» **Data provided**
=-=-=-=-=
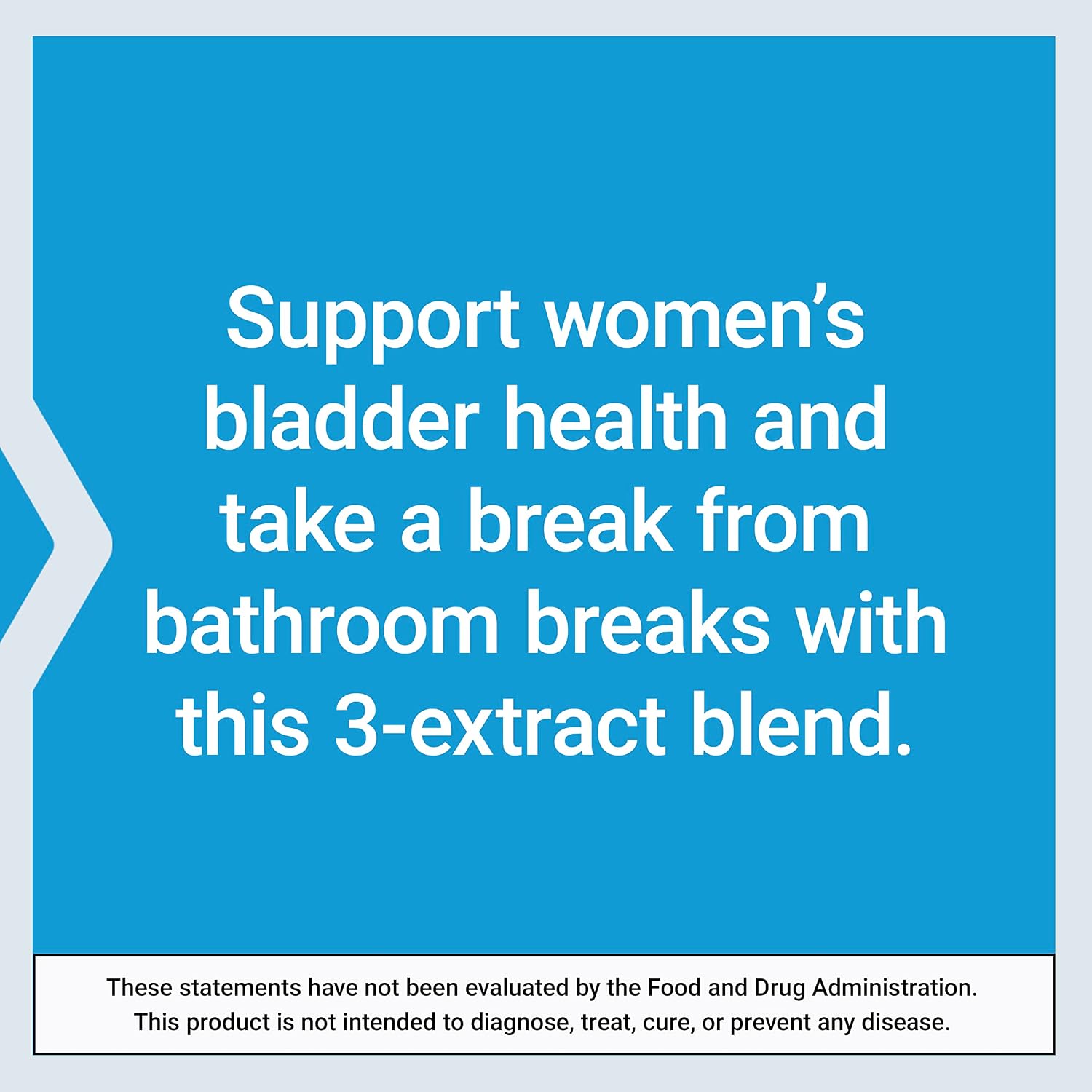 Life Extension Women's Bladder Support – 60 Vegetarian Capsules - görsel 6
=-=-=-=-=
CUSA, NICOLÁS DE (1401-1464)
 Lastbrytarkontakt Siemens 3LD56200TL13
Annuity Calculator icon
=-=-=-=-=
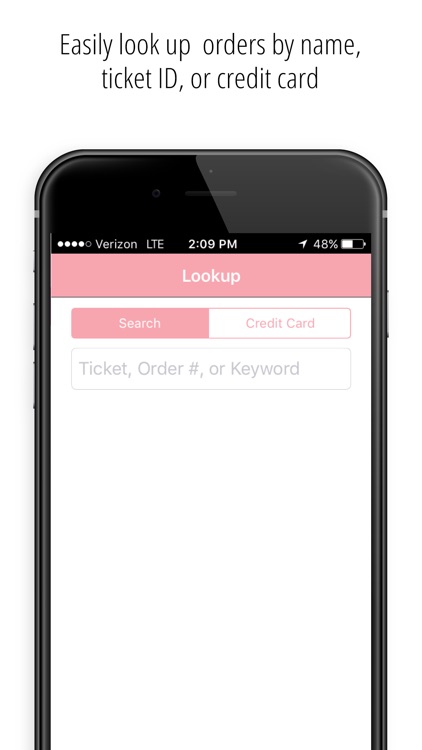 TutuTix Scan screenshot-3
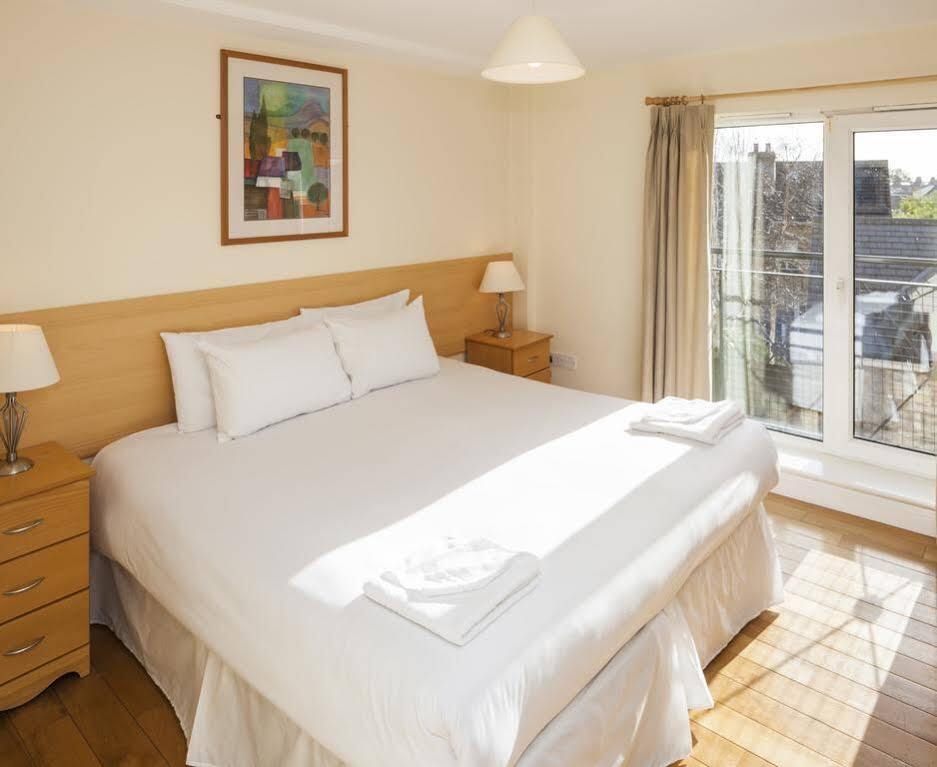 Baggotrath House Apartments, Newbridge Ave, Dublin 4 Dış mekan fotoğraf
=-=-=-=-=
The reply should hold the entries above from the line with "TutuTix Scan screenshot-3" to the line with "Baggotrath House Apartments, Newbridge", duplicated exactly, pictures excluded.

 TutuTix Scan screenshot-3
 Baggotrath House Apartments, Newbridge Ave, Dublin 4 Dış mekan fotoğraf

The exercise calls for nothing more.